- Records to use -
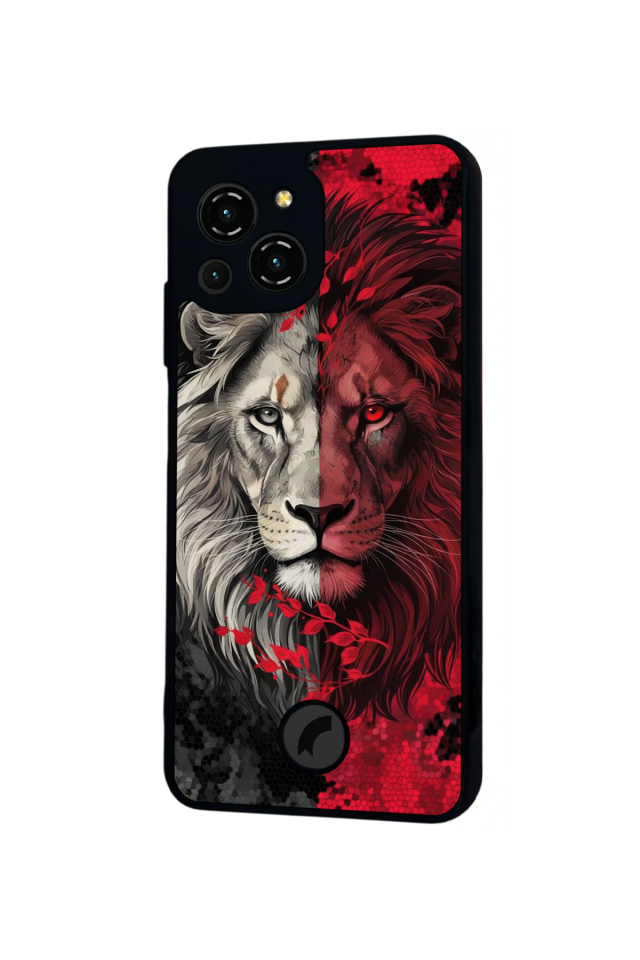 Reeder S23 Pro Max Uyumlu Aslan Tasarımlı Glossy Premium Kılıf
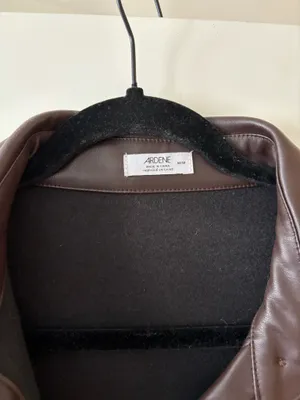 Brown Faux Leather Jacket Size M thumbnail 4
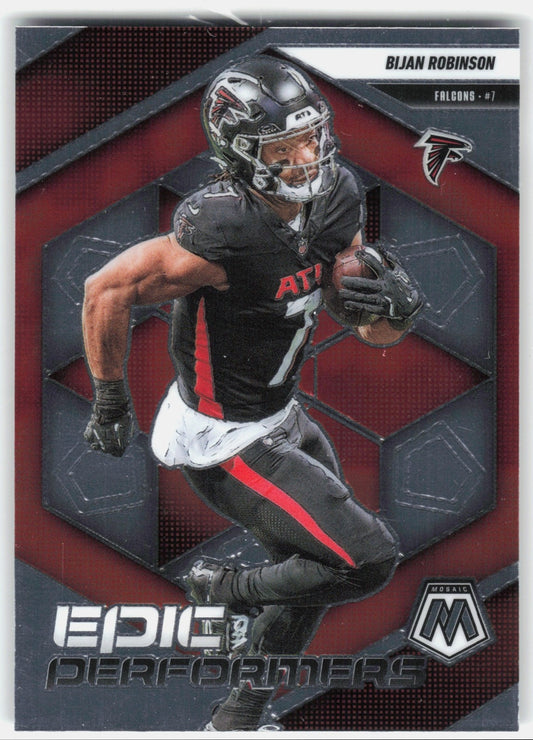 2025 Panini Mosaic Bijan Robinson #8 Epic Performers Falcons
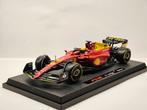 Burago Ferrari F1-75 Leclerc 1:18, Auto, Nieuw, Ophalen of Verzenden, Bburago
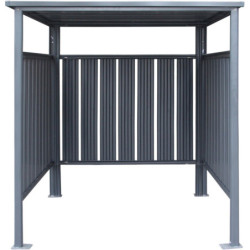 Abri à vélos  Westmann en acier thermolaqué gris anthracite 3,6m²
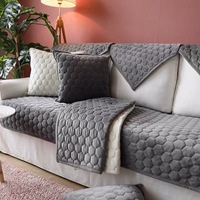 Vente directe d'usine bon marché fauteuil matelassé en flanelle douce charmantes housses de canapé housses de pantoufles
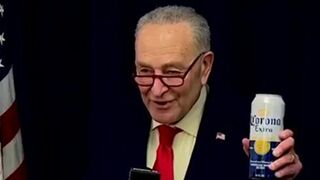 Schumer claims most of the beer 'comes from Mexico' while trying to insult Trump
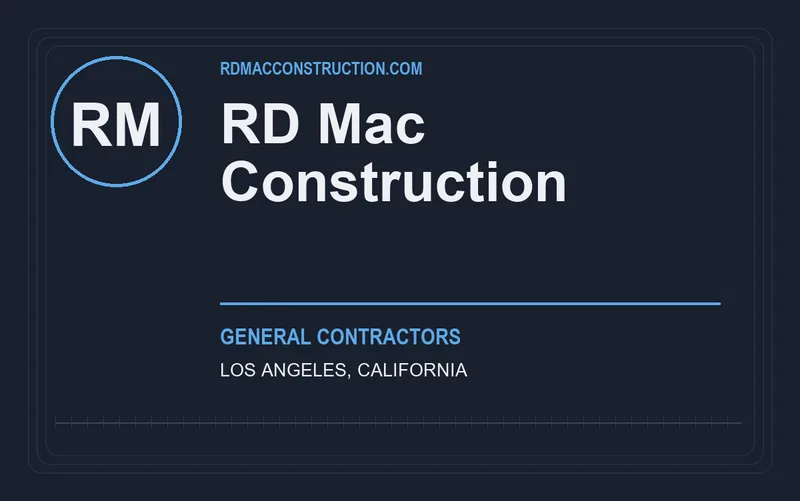 RD Mac Construction in Los Angeles, California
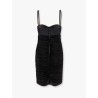 Viscose blend dress with bra detail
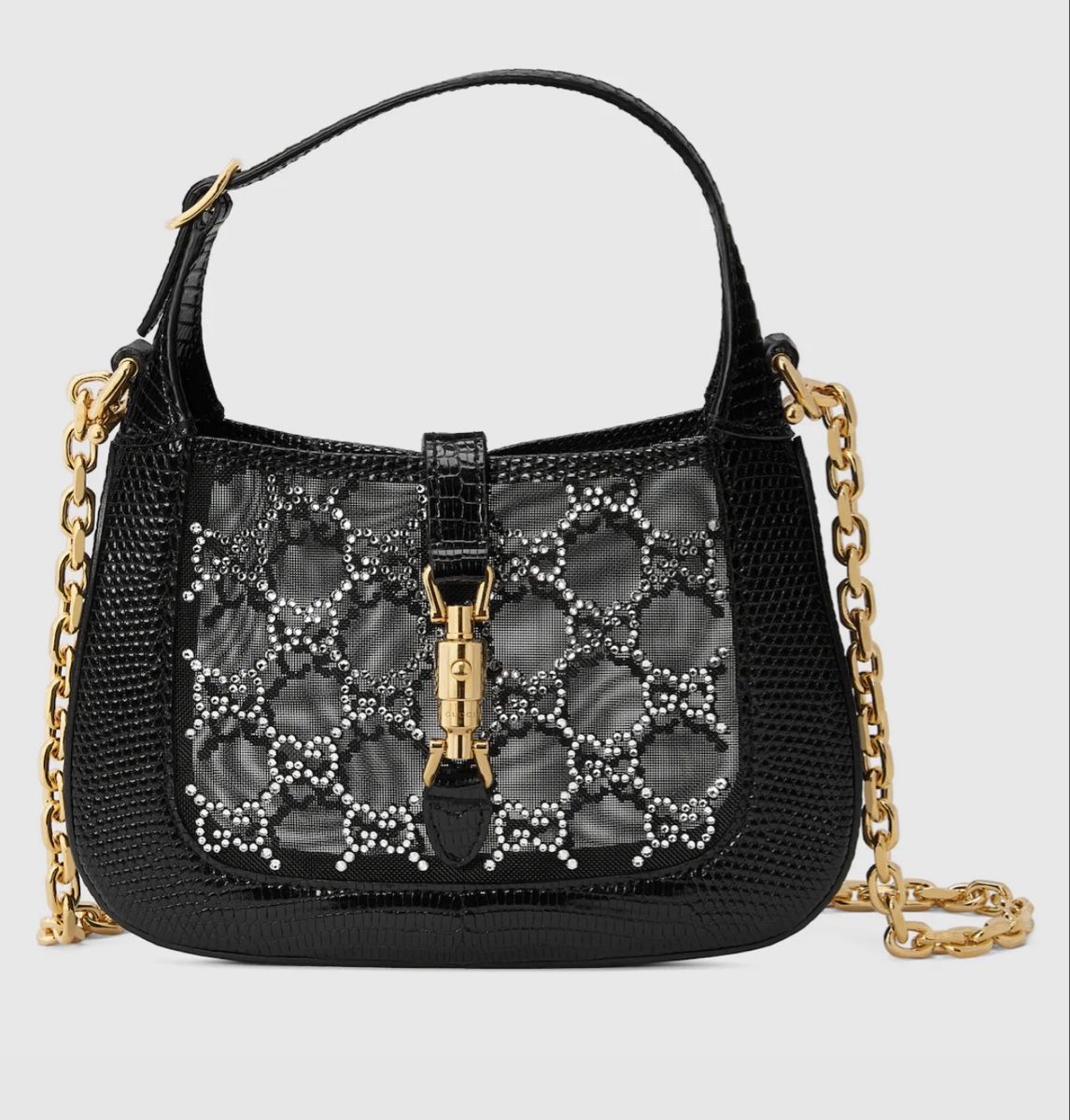 Gucci Borse da donna: Jackie 1961 Mini-Henkeltasche aus Eidechsenleder – Nuovo e nell'imballaggio originale da Dübendorf venduto da Viktorija_95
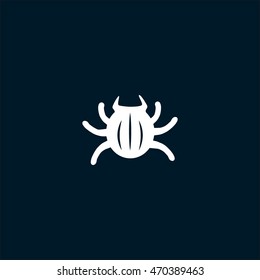 crawling beetle, icon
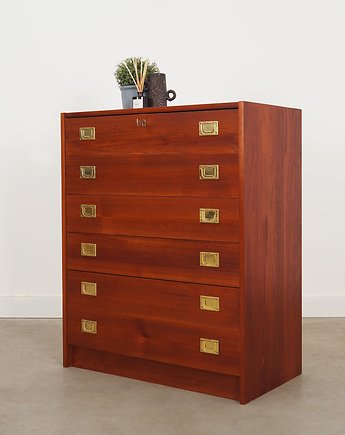 Komoda tekowa, duński design, lata 60, produkcja: Dania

- Exercise details -
If a line holds a picture, skip the picture and transcribe the rest of the material exactly.

- Answer to this task -
 Reeder S23 Pro Max Uyumlu Aslan Tasarımlı Glossy Premium Kılıf
 Brown Faux Leather Jacket Size M thumbnail 4
 2025 Panini Mosaic Bijan Robinson #8 Epic Performers Falcons
 Burago Ferrari F1-75 Leclerc 1:18, Auto, Nieuw, Ophalen of Verzenden, Bburago
 Abri à vélos  Westmann en acier thermolaqué gris anthracite 3,6m²
 Vente directe d'usine bon marché fauteuil matelassé en flanelle douce charmantes housses de canapé housses de pantoufles
 Schumer claims most of the beer 'comes from Mexico' while trying to insult Trump
 RD Mac Construction in Los Angeles, California
 Viscose blend dress with bra detail
 Gucci Borse da donna: Jackie 1961 Mini-Henkeltasche aus Eidechsenleder – Nuovo e nell'imballaggio originale da Dübendorf venduto da Viktorija_95
 crawling beetle, icon
 Komoda tekowa, duński design, lata 60, produkcja: Dania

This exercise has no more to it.